Generative Adversarial Attacks Against Deep-Learning-Based Camera Model Identification

Recently, deep learning techniques have gained popularity in multimedia forensics research designed to accomplish tasks such as camera model identification. However, despite the success of deep learning techniques, research has shown that they are vulnerable to adversarial perturbations. These adversarial perturbations can cause deep learning classifiers to misclassify images even though the perturbations are imperceptible to human eyes. To understand the vulnerabilities of deep-learning-based forensic algorithms, we propose a novel anti-forensic framework inspired by generative adversarial networks that is capable of falsifying an image’s source camera model.
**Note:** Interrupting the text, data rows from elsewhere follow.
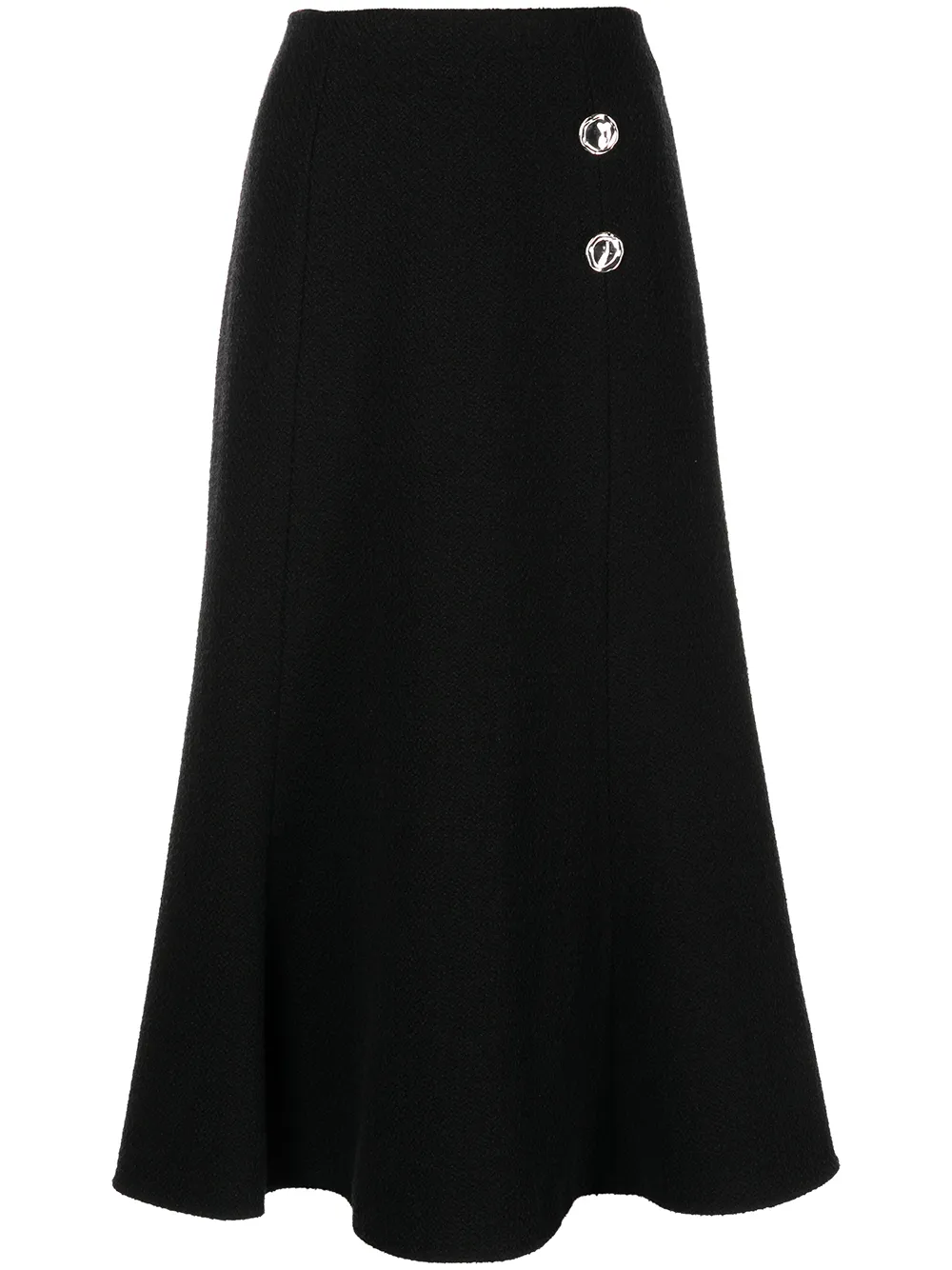 

Jason Wu falda texturizada - Negro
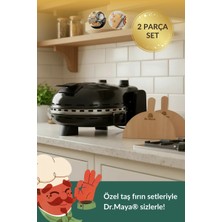 Dr.maya | Lezzet Mini Seti Ürün Grubu - 2 Parça | Pro Plus Taş Fırın Makinesi + Mutfak Gereçleri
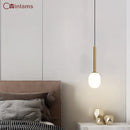 Moderne Nachttischlampe in Ei-Form für kreative Innenräume
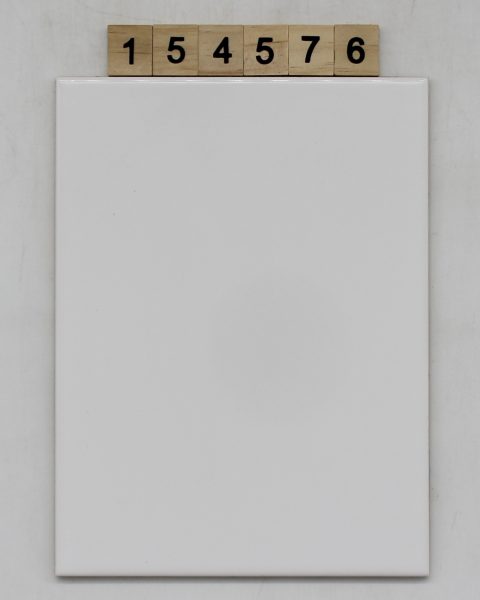 Unbekannt Farbe weiß glänzend 14,7×19,7cm 15x20cm<!---154576--->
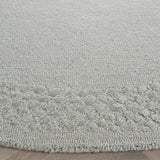 Safavieh Glamour 6'-0" x 6'-0" Rug in Light Grey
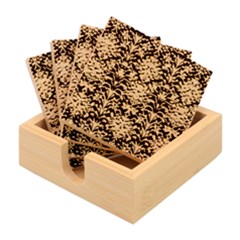 Gothic Leaf Pattern 4 Bamboo Coaster Set by violetheavensky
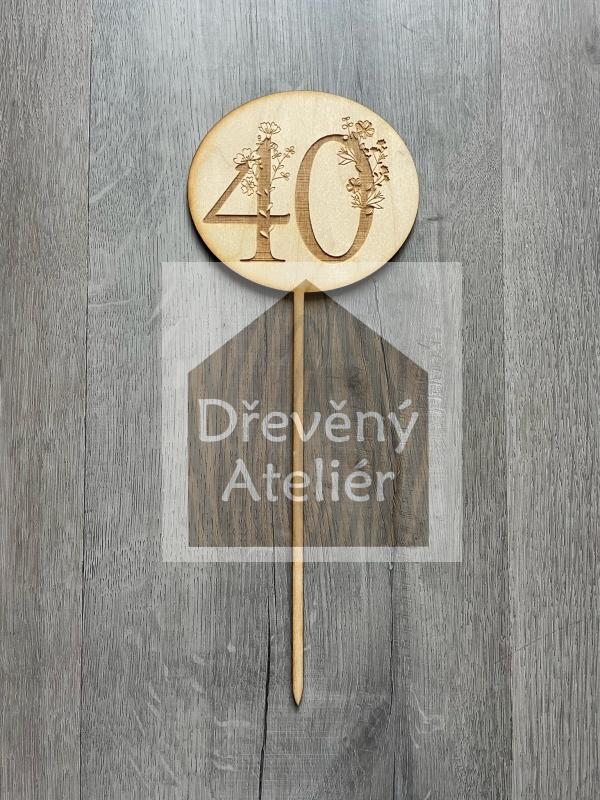 Gravura s květinou 40.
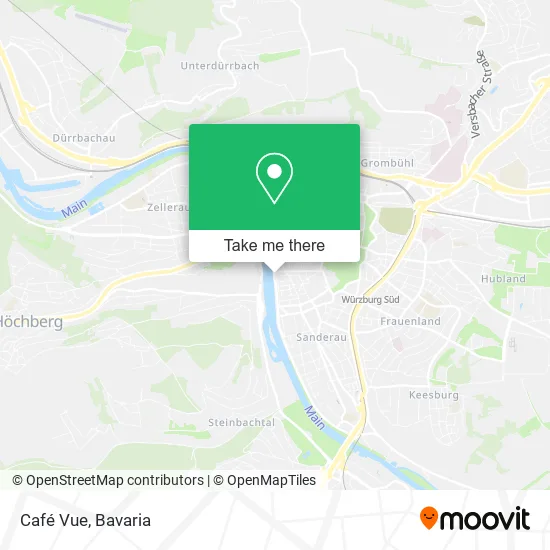 Карта Café Vue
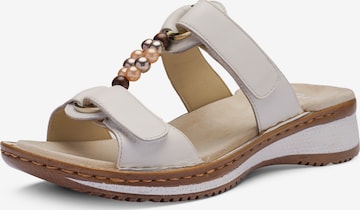 ARA Mules in White: front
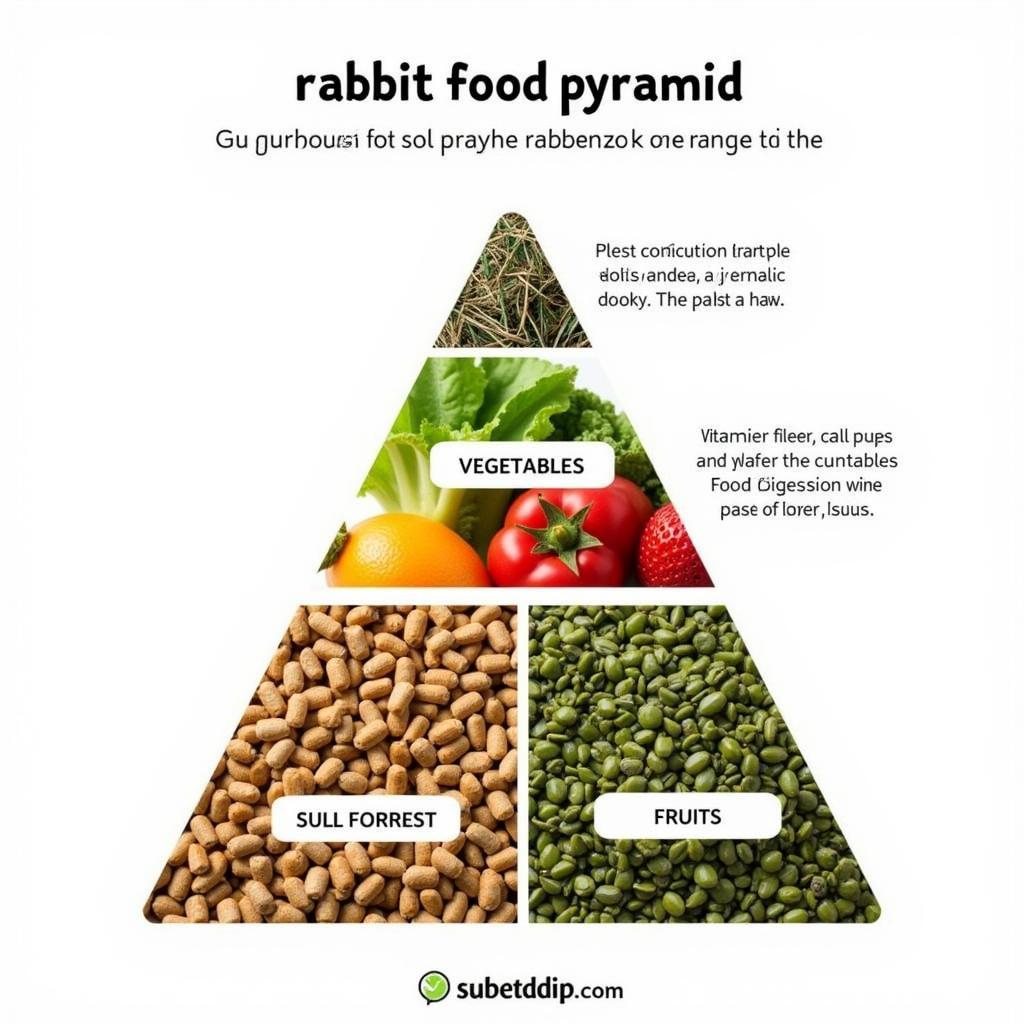 Detailed Bunny Food Pyramid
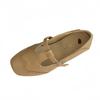 Retro flat-soled T-buckle single shoes, small leather shoes, autumn new British style engraved Mary Jane shoes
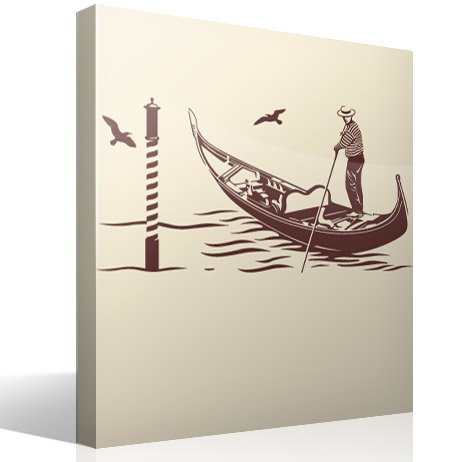 Wall Stickers: Gondolier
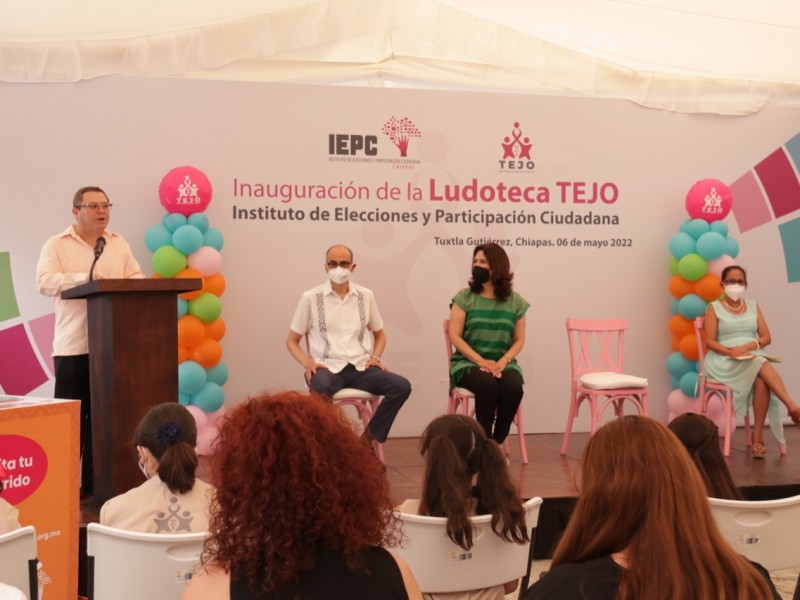 Inaugura IEPC Ludoteca TEJO, la primera en México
To accomplish this, we design a generator to anti-forensically falsify camera model traces in an image without introducing visually perceptible changes or artifacts. We propose two techniques to adversarially train this generator depending on the knowledge available to the attacker. In a white-box scenario when complete knowledge of an investigator’s camera model identification network is available to an attacker, we directly incorporate the network into our generator’s adversarial training strategy. In a black-box scenario when no internal details of the camera model classifier are available to the attacker, we construct a substitute network to mimic its decisions, then utilize this substitute network to adversarially train our generator. We conduct a series of experiments to evaluate the performance of our attack against several well-known CNNbased camera model classifiers. Experimental results show that our attack can successfully fool these CNNs in both white-box and black-box scenarios. Furthermore, our attack maintains high image quality and can be generalized to attack images from arbitrary source camera models.